WHAT NEEDS TO BE DONE
Please copy exactly the lines from the first in the records through the line that contains "Чёрный массажёр простаты", but not the pictures.

THE DATA

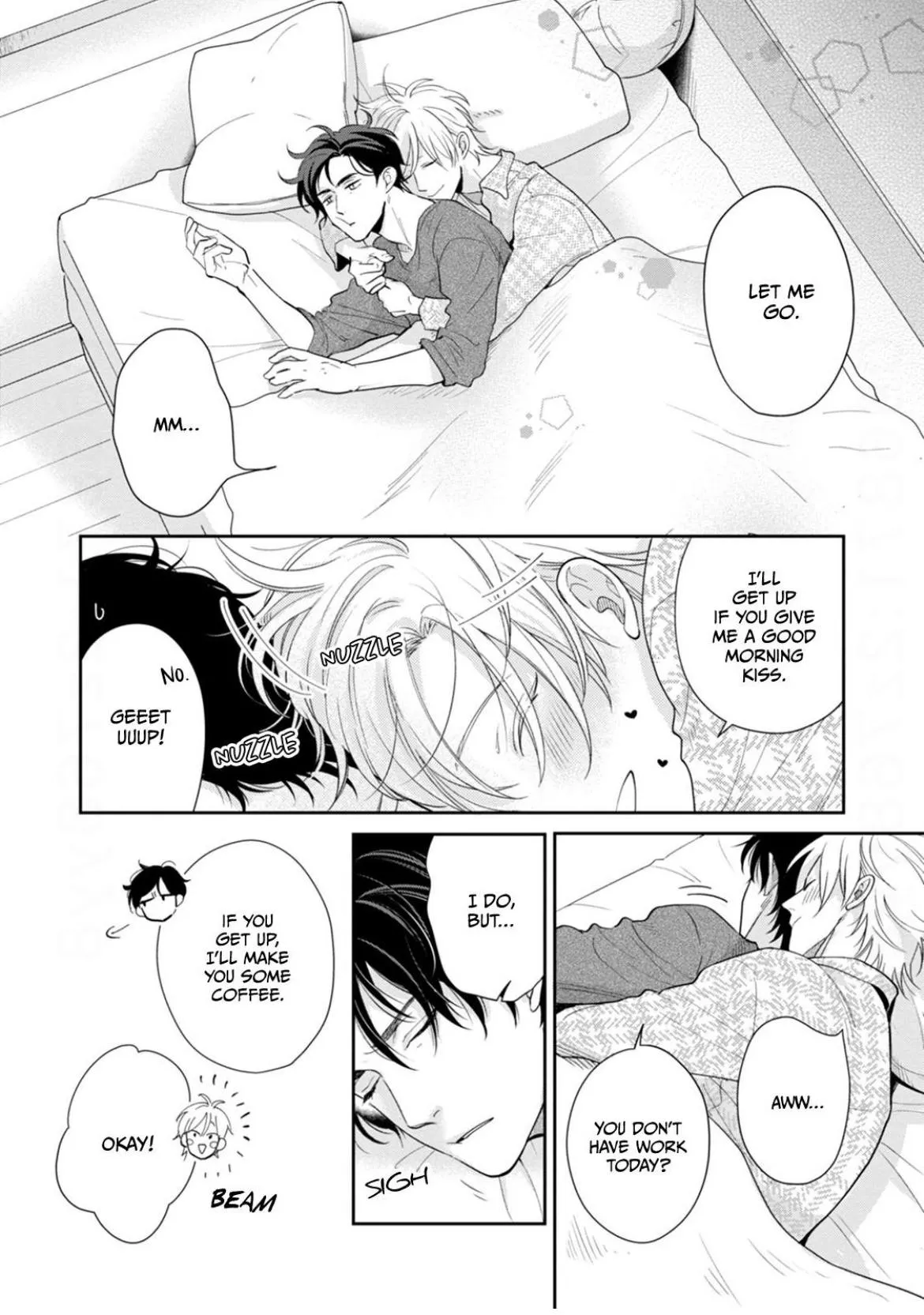 Second Bloom: Falling for an Older Guy Chapter 2 page 18 - 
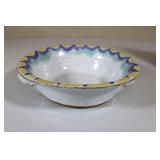 Studio Glazed Art Stoneware  Pottery  Bowl by Giny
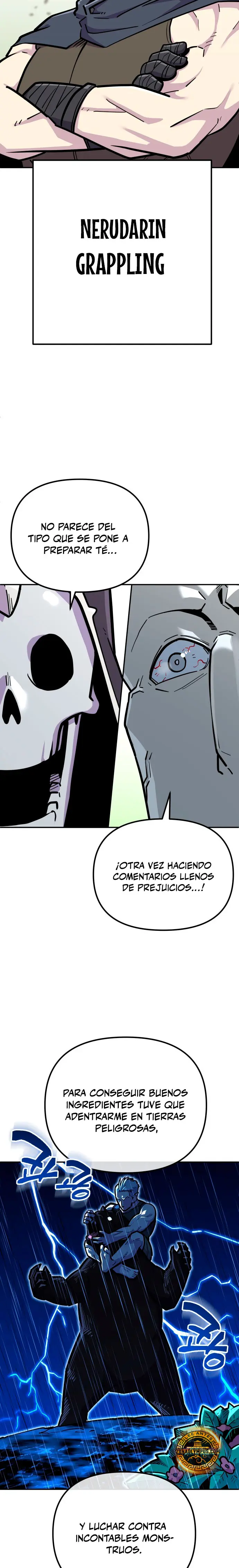 El hombre más guapo se convirtió en esqueleto - Capítulo 77 - Página 4 - LectorTMOo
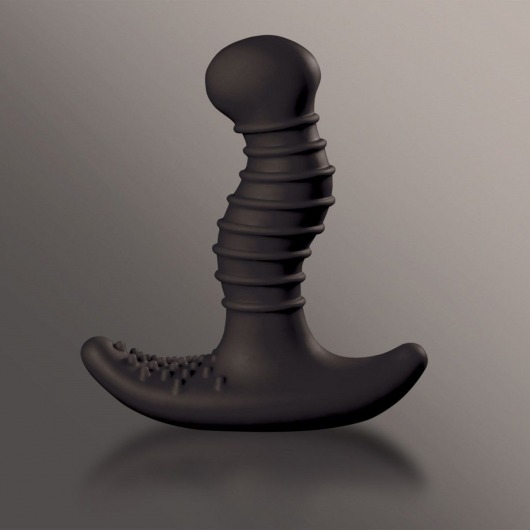 Чёрный массажёр простаты NEXUS Ridge Rider с вибрацией - 12,7 см. - Nexus Range - в Калининграде купить с доставкой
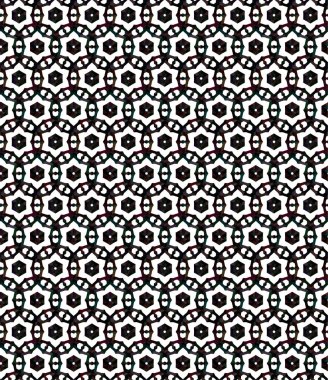 Soyut geometrik süslemesiz desen. tasarım arkaplanı, vektör illüstrasyonu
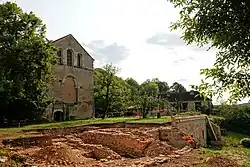 Excavations at La Cordelle site, Vézelay (Yonne), August 2024.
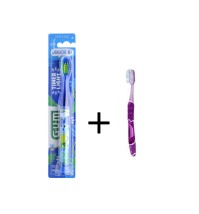 Gum Set 903Μ2 Παιδική Οδοντόβουρτσα Light up Μπλε …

ANSWER BELOW
 Second Bloom: Falling for an Older Guy Chapter 2 page 18 - 
 Studio Glazed Art Stoneware  Pottery  Bowl by Giny
 El hombre más guapo se convirtió en esqueleto - Capítulo 77 - Página 4 - LectorTMOo
 Чёрный массажёр простаты NEXUS Ridge Rider с вибрацией - 12,7 см. - Nexus Range - в Калининграде купить с доставкой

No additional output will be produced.